Merch for this release:
Vinyl LP

The Dutch producer and DJ Nadia Struiwigh performs with an arsenal of live analog synthesizers. Surrounded by knobs and patches, she looks a bit like a captain manning a ship, guiding frequencies towards a common melody. On Pax Aurora, her second release of 2021 (a surprise extended stay in Sydney, Australia due to Covid restrictions has given her seemingly endless time to record), Struiwigh takes her compositions further from the dance floor here, blending washed synths, low drones, and the errant vocal sample in the spirit of Boards of Canada and Stars of The Lid.

Francis M. Gri
Stille

The Switzerland-born, Italian-based composer Francis M. Gri uses the guitar as seasoning on Stille, sprinkling delicate, finger-picked melodies sparsely across his songs to add depth.
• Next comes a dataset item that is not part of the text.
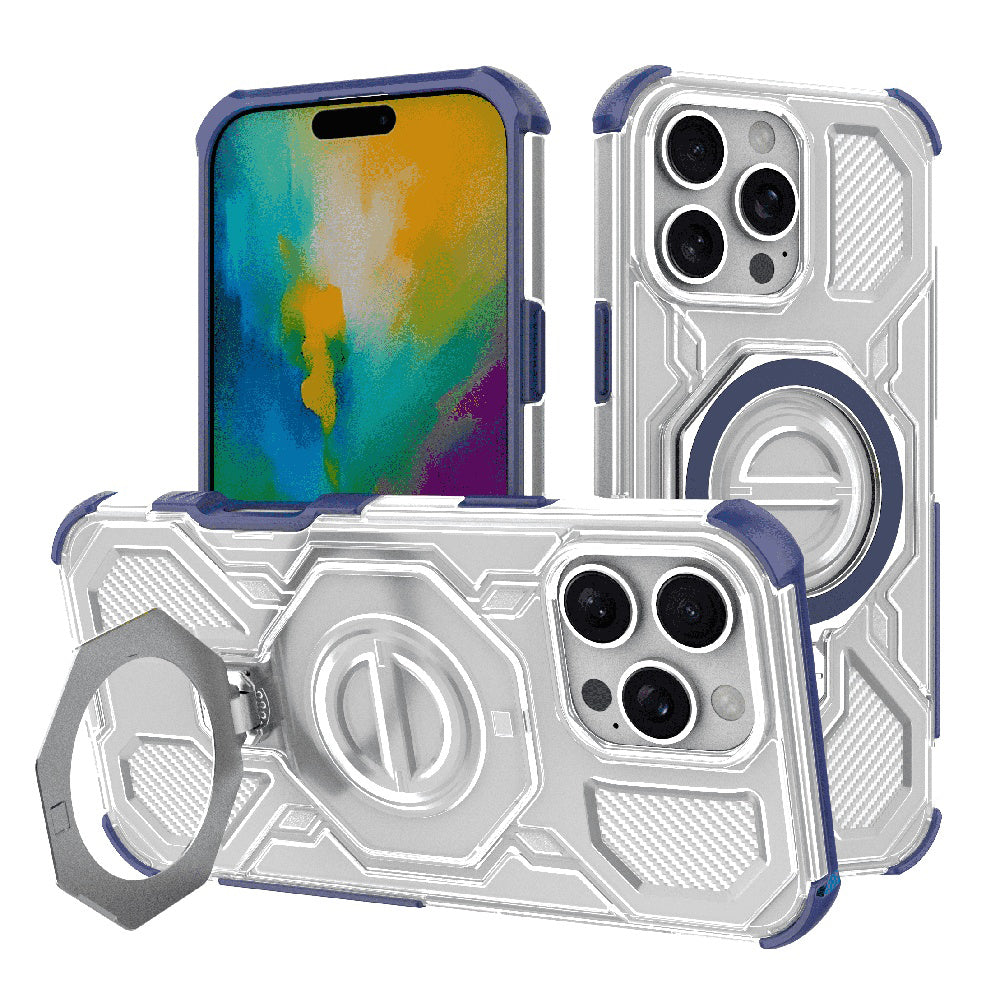 Coque pour Apple iPhone 16 Pro Max, Techsuit, Carbon Shield Pro, Bleue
A meditation on the isolation and uncertainty of late last year, Stille indeed seems fragmented—piano chords compliment his guitar while remaining utterly separate. Disparate, wordless vocal counterparts drift in and out of his compositions; a warbled synth on “Part 4” is particularly striking, its eerie frequency contrasting with the searing, reverberating guitar. The result is an album that is contemplative without ever turning complacent.